Anyway, the nail in the coffin there was Ferry describing our character as a cowboy who would launch bombs, like a...gunslinger with bombs, a...Bombslinger! There, nailed it!

Bombslinger’s high concept

Bombslinger initial concept was “Solo Bomberman + Rogue-likes”. The main reason for it being that we were excited by the prospect of making that game, the second being that procedural content fits a small team fairly well and we fancied working on that kind of tech.

So our initial Bombslinger feature list came to be:

  • Solo-oriented Bomberman-inspired action game
  • Procedural levels
  • Several bomb types
  • Tens of items to use as alternates for the bombs
  • Classic Wild West buildings (shop, saloon, sheriff’s office, etc.).
  • Local battle multiplayer game modes

I’ll get into more detail on the pre-production and art-direction in later posts to avoid this article ending up being 10 pages long but our first major milestone was last year’s Gamescom, the E3-like event in Köln, Germany. It was the first time we put the game in front of professionals from the media and publishing outlets. On that occasion we also made our announcement trailer for which our friends at IMOV Studios were fantastic in helping us out to get to a quality we would have never achieved on our own.

Response to the game was fairly positive, yay! That event kind of validated our project and we felt on the right track. We continued showing the game around throughout the end of 2015 and up until this point.

Earlier this year we did our mandatory Greenlight campaign and luckily for us, it went fairly smooth and Bombslinger was greenlit in a couple weeks. At that point we decided that we wanted to try going on Early Access.

It was a hard choice to make. We heard all sorts of opinions about Early Access, all very polarized. In the end we decided to go for it: as a couple of unknown game developers, we figured it was our best shot at getting relevant feedback and hopefully meeting some players passionate about the game.
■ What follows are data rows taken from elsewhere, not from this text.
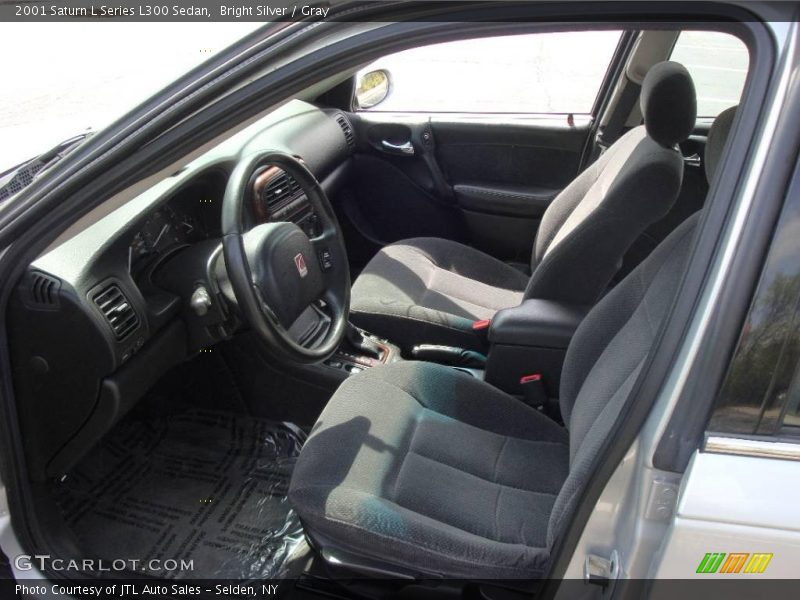 Bright Silver / Gray 2001 Saturn L Series L300 Sedan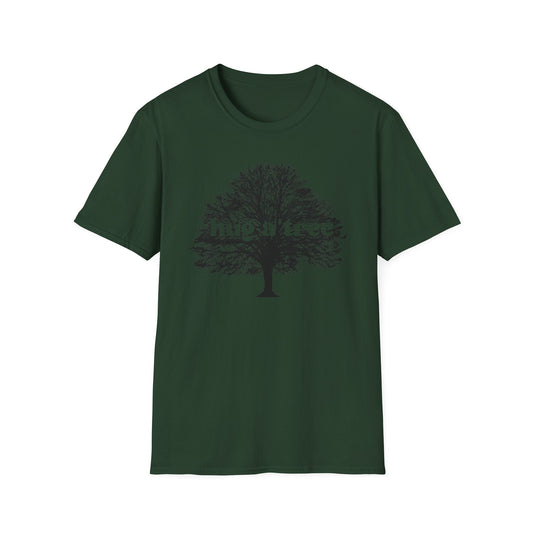 Printify T-Shirt Hug A Tree T-Shirt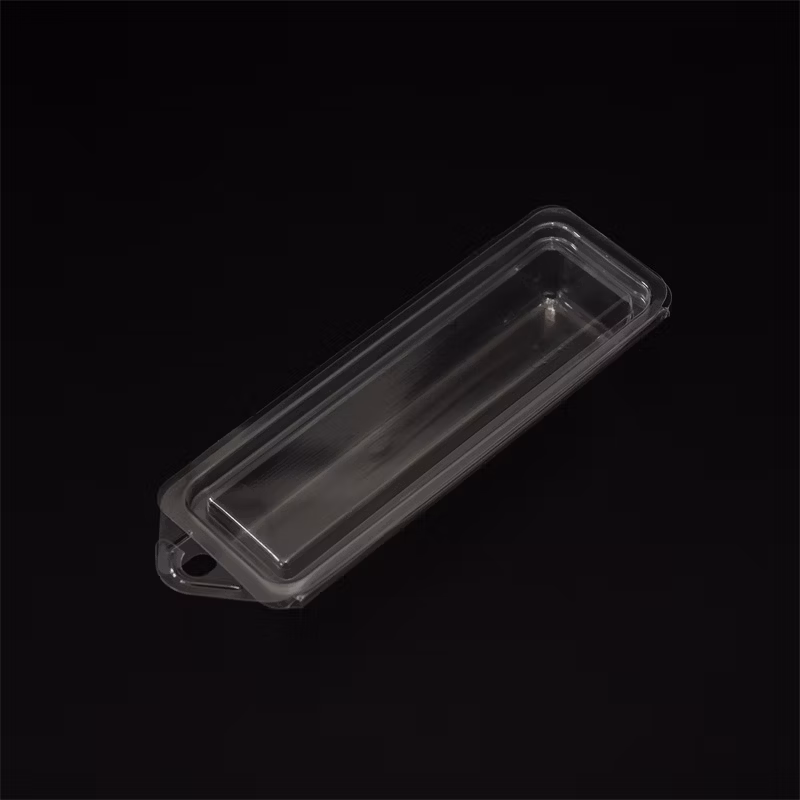 Clear Plastic Clamshell Packaging for Food Display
We decided to do a small-scale close beta test to iron out the bugs and polish the experience before releasing publicly. Some people really took some time to give us invaluable feedback (thank you!).
It’s worth noting that we decided to release Bombslinger without any form of multiplayer content, despite a 4-player local battle mode being near-releasable. We’re trying to figure out the best way to push Bombslinger as a primarily single-player experience despite its multiplayer-oriented roots as the multiplayer mode is kind of guaranteed to be fun, being very close to Bomberman's.

That said, local multiplayer battles will be coming very soon to the game along a Mac build…which we had up until recently: a few weeks back our new shiny Mac mini got stolen during a break-in...(at least the robbers were not interested in our first edition Japanese Saturn console. That was close!).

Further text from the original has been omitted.